> Regarding Doug's note on Blaug, Keynes, like Hegel [I am out of my league
> here, but that was my superfical understanding], was not fully aware of the
> revolutionary implications of his ideas.
No question that followers, beginning with Robinson and Schackle, took Keynes' writings to places he didn't go, and probably didn't want to go. That is one thing I meant when I said Keynes "blurted out" that probably social control of investment was necessary to deal with the disequilibria he analysed. As far as I know he never followed up on that point. But I doubt it was because he didn't understand its implications. Things improved after WWII; capitalism looked more stable as it rebuilt its productive base. And he wasn't antagonistic to capitalism; he didn't *want* to pursue such a revolutionary thought.
>The Post Keynesians take that part
>of Keynes that is damning to conventional theory, although they, as Doug says, are
>not always antagonistic to capitalism itself.

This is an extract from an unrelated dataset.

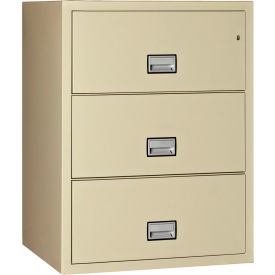 PHOENIX SAFE INTERNATIONAL LLC LAT3W31P Phoenix Safe Lateral 31" 3-Drawer Fire and Water Resistant File Cabinet, Putty - LAT3W31P image.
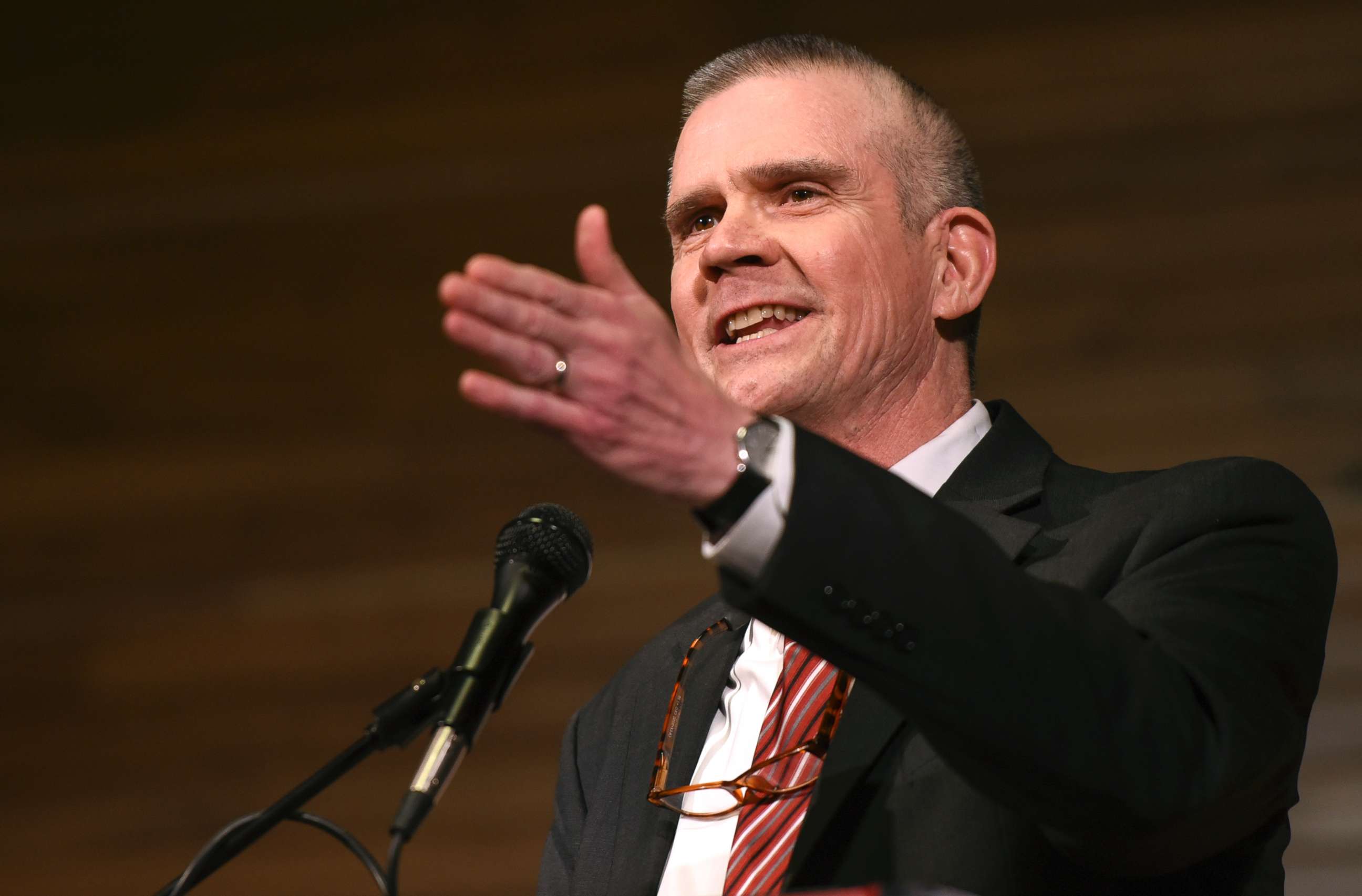 PHOTO: Matt Rosendale, a candidate for the Republican nomination to the U.S. Senate answers a question during a debate at Montana State University in Bozeman, Mont., March 22, 2018.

The main reason Keynes wrote the General Theory was to "damn conventional theory" by showing it was but a special case, requiring restrictive and unrealistic assumptions, and thus unable to provide any real insight, particularly concerning the severe problems of the 30s. So post Keynesians, including Robinson, haven't simply taken some part of Keynes, but have used his central critique, the very purpose for which he wrote the book. And, as I said, expanded on it.
> Joan Robinson was aware the Keynes' theory undermined the case for capitalism
> and saw his work as a stronger critique than Marx's.
> The Bastards wanted to put the genie back in the bottle and make Keynes
> All three contradictory approaches were faithful to parts of Keynes -- a snob
> who seemed to enjoy occupying the upper reaches of British society.
Likewise, it won't do to imply an equivalence here (if that's what you meant, Michael) --each group merely taking a part of Keynes--as if neither which part, nor what is done with it, matters. As you indicate above, the object of the bastards was to stuff a few new Keynesian bells and whistles into their existing static equilbria, in their continued apologia for capitalism.